That is because I think that, first of all, yes, the just the experience of her. But it's because she showed up. I think that's a huge part, is that Billy had these feelings. She had I'm sure she had fears. I mean, this woman's life was threatened every time she would get on stage and sing strange fruit. Right? I mean, she was targeted. She was harassed. She lost her father to Jim Crow. She was raped at a young age.


She was sent into a brothel by her mother. I mean, and then she was constantly abused by men. I mean, she had her fears and she was a performer. So she knew what it was like to get on a stage and to be scared and terrified that the audience would not love you and you would not have that beautiful exchange.


But she showed up. She showed up for us. She showed up. She sang strange fruit. She showed up.


She integrated audiences. She fought against the government. She showed up every single time.


And I think that being her, I was forced to show up. I had to show up for this role. I had to show up for Lee, for my cast, for what God was bringing me there to do for Billy Spirit. And so just her ability to to sort of almost throw caution to the wind and to be present and to show up was really, really just transformative for me. Believe she showed up in her own life. Did she show up for you?


Were there moments on set where you felt her?


Always, always. And she would always make me laugh. And she would always, you know, just most of the time Billy was just cussing everybody out all the time.


She was happy with what was going on, but she only expressed it in cussing, you know, and that's all she she had like a Ph.D. in it. And there were I had a dream actually, as well that and it was almost like sort of solidifying for me that she was OK with our spirits being entangled like this, you know, that she wanted it.


And maybe she was a part of the selection process. Right. And so it was a dream. And we were in we were in Cafe Society, but it didn't look like Cafe Society.

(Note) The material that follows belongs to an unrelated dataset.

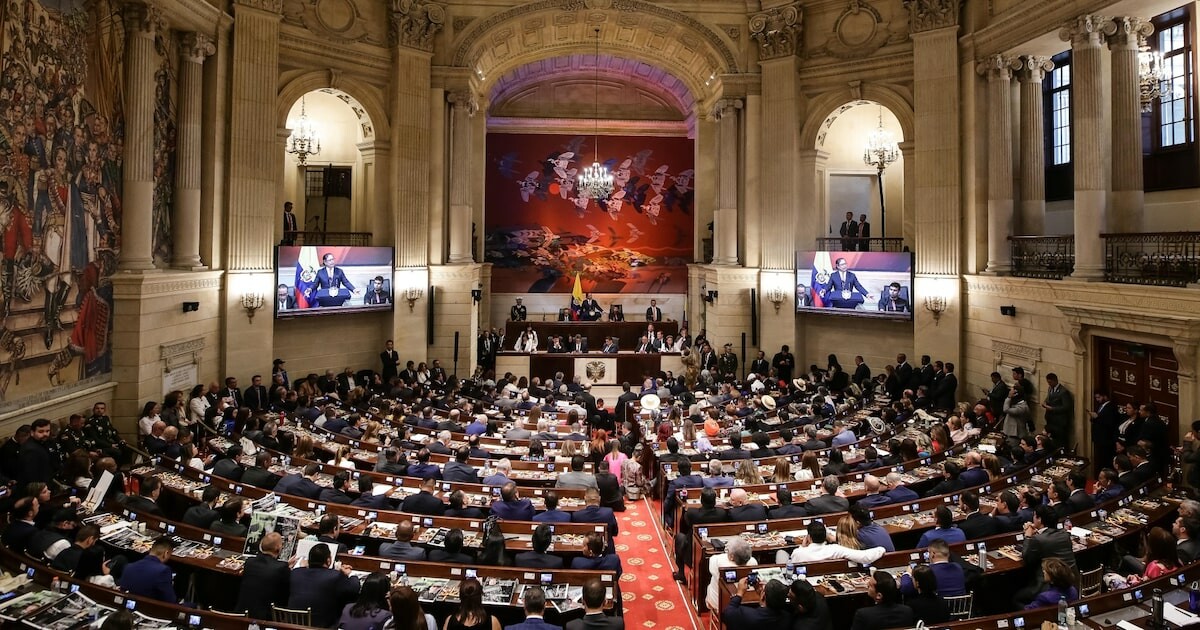 Congreso aprobó $634,9 billones para 2027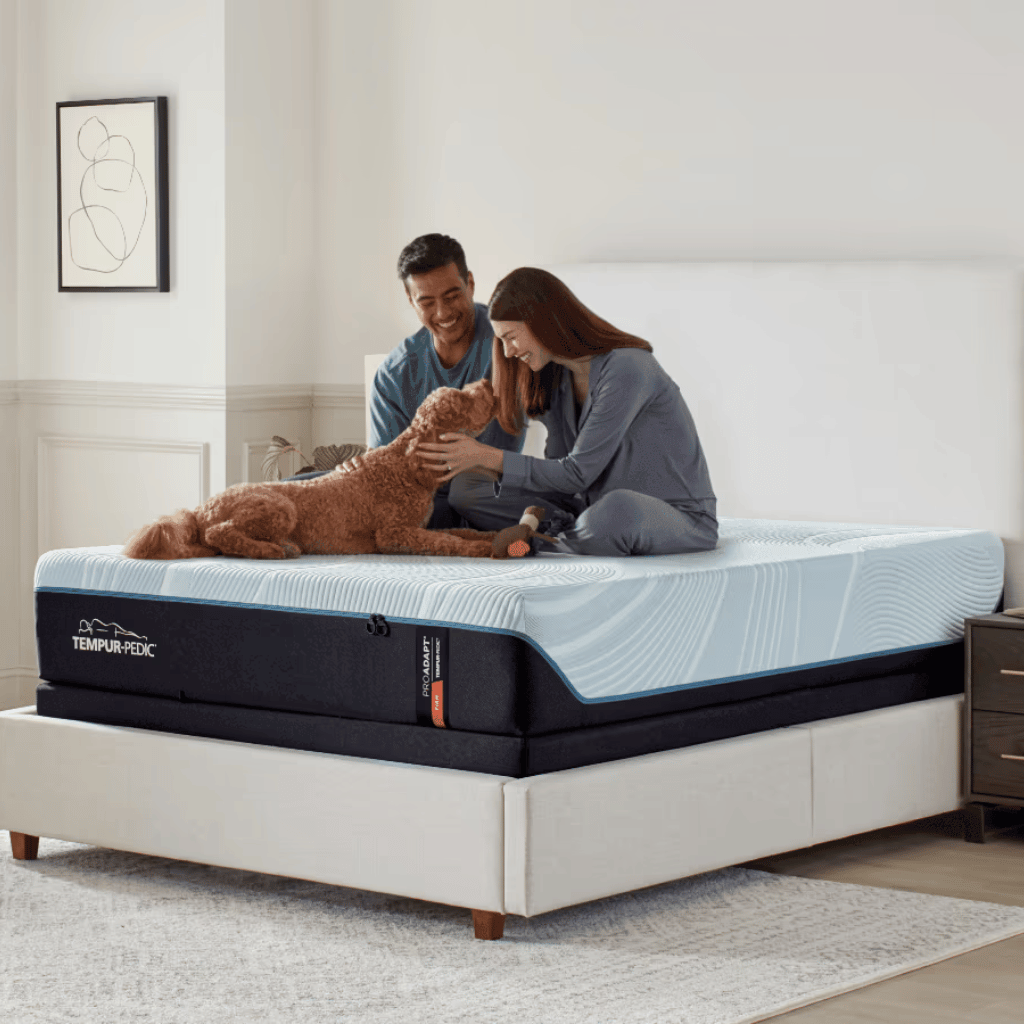 Tempur - Pedic TEMPUR - ProAdapt Mattress Collection by SleepCity – High - quality Memory Foam Mattress for better sleep.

And I was watching her perform it. I can't tell where I am in the audience. I'm watching her perform. And it's almost like a camera sort of panning around.


And I and then I, I can see myself sort of on stage singing as her, you know. And it was it was it was just a really I don't know was a brief moment, but it felt like a really validating moment. So we had so many conversations and I enjoyed her laughter. I enjoyed her. She would. One of the things I remembered was her repeating stories to me constantly about people in her past. Right.


Her manager or whatever. Oh, yeah.


It's a really I thought it was a very, very interesting experience talking about it like, you know, yes. She was writing stories to me.


I know people are probably like I said, I'm so crazy. Yeah. Yeah.


I'm nodding like, OK, so how about those intimate scenes you talked earlier about worthiness and now you got to, like, reveal your naked self, your raw self, your naked self, and you went all the way there.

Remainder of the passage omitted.